← All posts

Practice

Plateaus

What to do when your wpm has not moved in a month.

Improvement is not linear. Most typists hit at least one plateau where their best wpm stops moving for weeks. The plateau is not a sign that you have peaked. It is a sign that the way you are practicing has stopped pushing you.

What a plateau looks like

You run a one-minute test. You get 65 wpm at 95% accuracy. You ran the same test last week. You got 65 wpm at 95% accuracy. You ran it three weeks ago. The same.

Your average is not dropping. Your error rate is normal. Nothing is broken. You have simply stopped getting faster, and you have been doing the same kind of practice the whole time.

Why it happens

Speed comes from removing friction. The first 30 wpm comes from learning where the keys are. The next 30 comes from chaining keys into bigrams and words without thought. The next 30 comes from chaining words into phrases. Each layer requires different practice.

If you have been running the same word-list test for a month, you are training the same layer. The layer is finished. Move up.

What to try next

Pick one. Stick with it for two weeks before judging it.

Drill your weakest finger. Open the stats page and look at the per-finger chart. Whichever finger has the highest error rate gets one drill session a day. Use the reach drill for that finger.

Type harder material. If you have been typing English-1k for months, switch to English-10k or English-20k. The unfamiliar word distribution forces your fingers to spell, not pattern-match.

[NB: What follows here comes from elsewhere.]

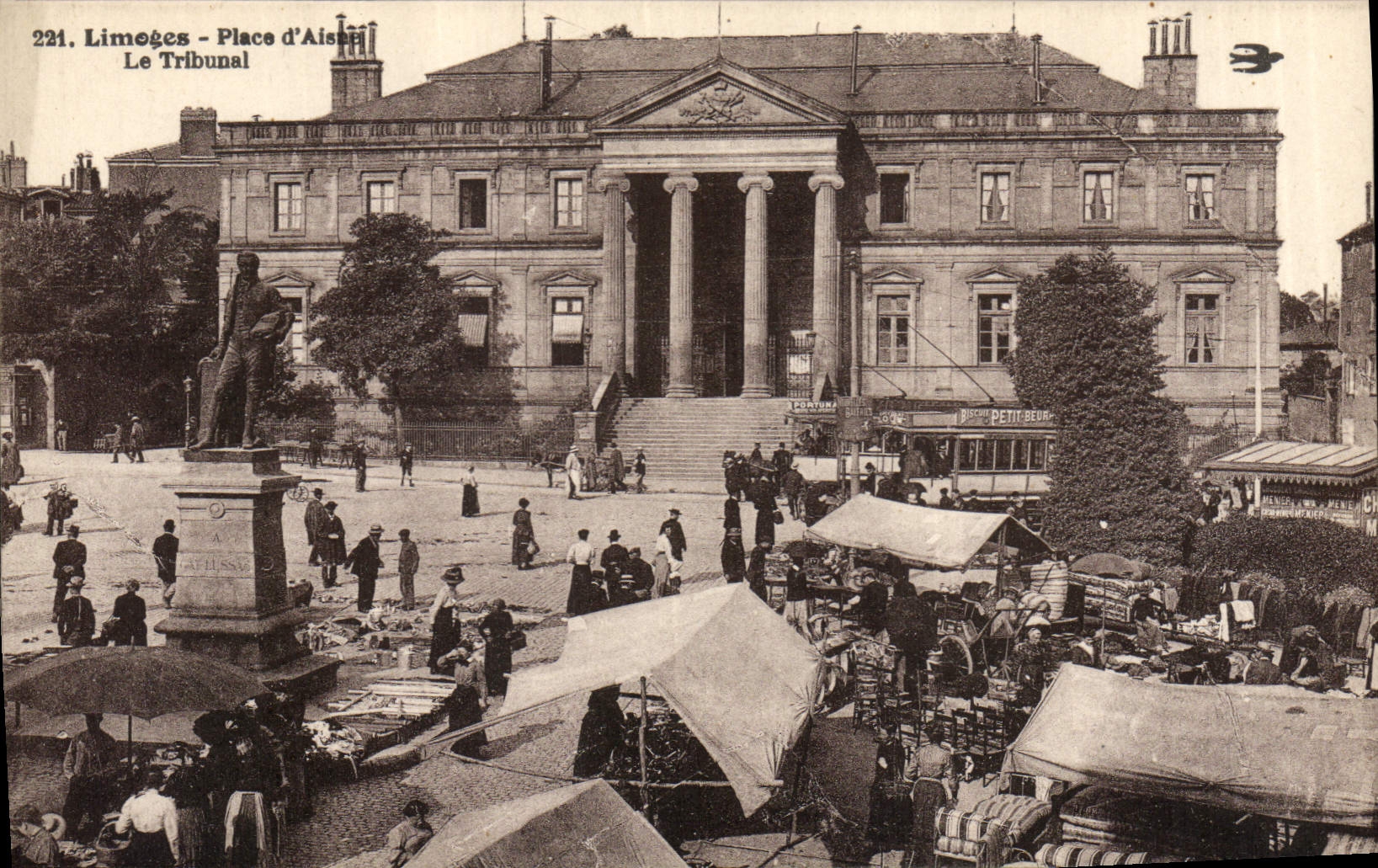 CPA Palais de justice Limoges Place d'Aisne Le Tribunal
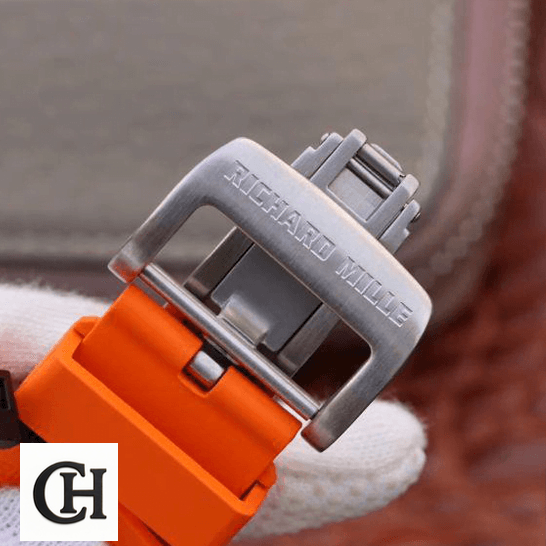 richard_mille_RM055_KV_V2_white_ceramic_skeleton_dial_clips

Type code. If you mostly type prose, run a code drill. The symbol density breaks autopilot.

Drop your speed cap. Some typists develop a habit of slowing down at a fixed pace -- they can type faster but they have learned to hold steady. Run a 15-second sprint at full speed, accuracy be damned. Repeat ten times. Most people break their plateau within a few sessions.

Slow down for accuracy. The opposite of the previous one, and the more common cure. If your stuck wpm comes with 90-94% accuracy, your fingers are correcting too much. Slow down to 96%+. Speed will return higher than it was.

What not to try

Do not switch keyboard layouts (Dvorak, Colemak) hoping for a breakthrough. Layout switching means six months of being slower. Some people end up faster afterward, most do not. It is a project, not a fix.

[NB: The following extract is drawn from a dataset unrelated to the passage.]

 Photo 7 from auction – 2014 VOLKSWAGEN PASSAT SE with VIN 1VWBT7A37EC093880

Do not buy a new keyboard. Mechanical keyboards are pleasant; they do not make you faster.

Do not change typing software. The plateau is in your hands, not in the tool. A new tool would buy a week of motivation, then nothing.

When to wait

A plateau that lasts a month is normal. A plateau that lasts three months means you have moved into maintenance mode -- still typing, no longer improving. That is a fine place to be. Not every typist needs to keep climbing.

If you want to keep climbing, change the practice. If you want to maintain, type a little every day and stop measuring. Both are reasonable.